Hewlett-Packard gained 2.8% to $34.76 at the close Friday in New York. On Thursday the shares gained 2.3% after the computer maker, which plans to separate into two companies, announced the Chinese deal. Earnings for the quarter ended in April, released Thursday after the markets closed, came in at 87 cents a share excluding some items, beating the 86-cent average of analysts’ estimates compiled by Bloomberg.
Zhao’s firm beat state-owned China Huaxin Post & Telecommunication Economy Development Center for the holding in the Hewlett-Packard business, even though Huaxin had won pre-approval for the deal from the country’s top economic planning agency, according to people familiar with the matter. They asked not to be identified discussing private information. The government typically gives only one company the go-ahead to pursue a deal, in order to avoid Chinese firms competing and driving up the price. The economic planning agency, called the National Development and Reform Commission, didn’t immediately respond to a faxed request for comment. A Beijing-based press officer for Huaxin confirmed the company received NDRC approval for its bid.

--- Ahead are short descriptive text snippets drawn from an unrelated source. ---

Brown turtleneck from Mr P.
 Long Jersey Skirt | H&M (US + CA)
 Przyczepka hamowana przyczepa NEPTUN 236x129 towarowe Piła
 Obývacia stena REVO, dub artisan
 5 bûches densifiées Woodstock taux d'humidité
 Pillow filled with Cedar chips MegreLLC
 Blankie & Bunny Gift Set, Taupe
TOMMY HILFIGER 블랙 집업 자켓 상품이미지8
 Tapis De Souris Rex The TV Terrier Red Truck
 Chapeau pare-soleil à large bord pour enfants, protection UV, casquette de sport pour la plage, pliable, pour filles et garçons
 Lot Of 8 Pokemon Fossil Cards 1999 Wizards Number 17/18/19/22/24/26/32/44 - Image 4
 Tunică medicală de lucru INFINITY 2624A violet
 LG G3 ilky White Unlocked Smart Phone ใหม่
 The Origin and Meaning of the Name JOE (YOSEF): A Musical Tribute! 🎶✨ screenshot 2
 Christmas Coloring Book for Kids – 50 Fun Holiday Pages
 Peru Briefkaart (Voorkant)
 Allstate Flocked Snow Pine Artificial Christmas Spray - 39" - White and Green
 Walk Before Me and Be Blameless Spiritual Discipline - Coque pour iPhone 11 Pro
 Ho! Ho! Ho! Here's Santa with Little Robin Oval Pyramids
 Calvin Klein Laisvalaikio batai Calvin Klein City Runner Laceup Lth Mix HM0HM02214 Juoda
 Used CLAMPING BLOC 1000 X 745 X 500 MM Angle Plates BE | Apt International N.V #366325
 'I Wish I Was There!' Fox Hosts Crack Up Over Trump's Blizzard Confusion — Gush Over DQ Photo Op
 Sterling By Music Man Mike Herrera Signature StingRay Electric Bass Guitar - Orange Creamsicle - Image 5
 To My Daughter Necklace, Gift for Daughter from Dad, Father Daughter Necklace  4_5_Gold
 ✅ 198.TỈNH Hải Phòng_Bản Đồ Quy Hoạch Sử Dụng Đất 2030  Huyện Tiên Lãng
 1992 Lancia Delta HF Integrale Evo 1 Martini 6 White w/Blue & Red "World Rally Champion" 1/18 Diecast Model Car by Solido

China is moving to bolster its technology sector after Edward Snowden revealed widespread spying by the US National Security Agency and accused the intelligence service of hacking into the computers of Tsinghua University. President Xi called for faster development of the domestic technology industry at the first meeting of his newly created Internet security panel in February last year.
“If the choice comes down to choosing a domestic vendor or a Western company, there’s definitely a preference for the domestics,” Stephen Yang, an analyst at brokerage Sun Hung Kai Financial Ltd in Hong Kong, said by phone on Friday. “The control has shifted to Tsinghua, but it’s safe to say that HP is still driving the strategy of that business.”
Hewlett-Packard will help appoint management for the Chinese venture, which is known as H3C, and Tsinghua won’t make major changes to its operations, Tsinghua Unisplendour Corp President Qi Lian said on Friday in Beijing. The US company will retain rights to H3C’s intellectual property and is keeping full ownership of its China-based enterprise services, software, HP Helion Cloud, Aruba Networks, printing and personal-systems businesses, which aren’t part of this deal.
Tsinghua is broadening the scope of its dealmaking after spending about $2.1bn to acquire semiconductor companies since 2013, according to data compiled by Bloomberg. It beat an arm of the Shanghai government to acquire chip designer RDA Microelectronics Inc in an $893mn deal completed last year, the data show.
Credit Suisse Group AG advised Hewlett-Packard on the sale.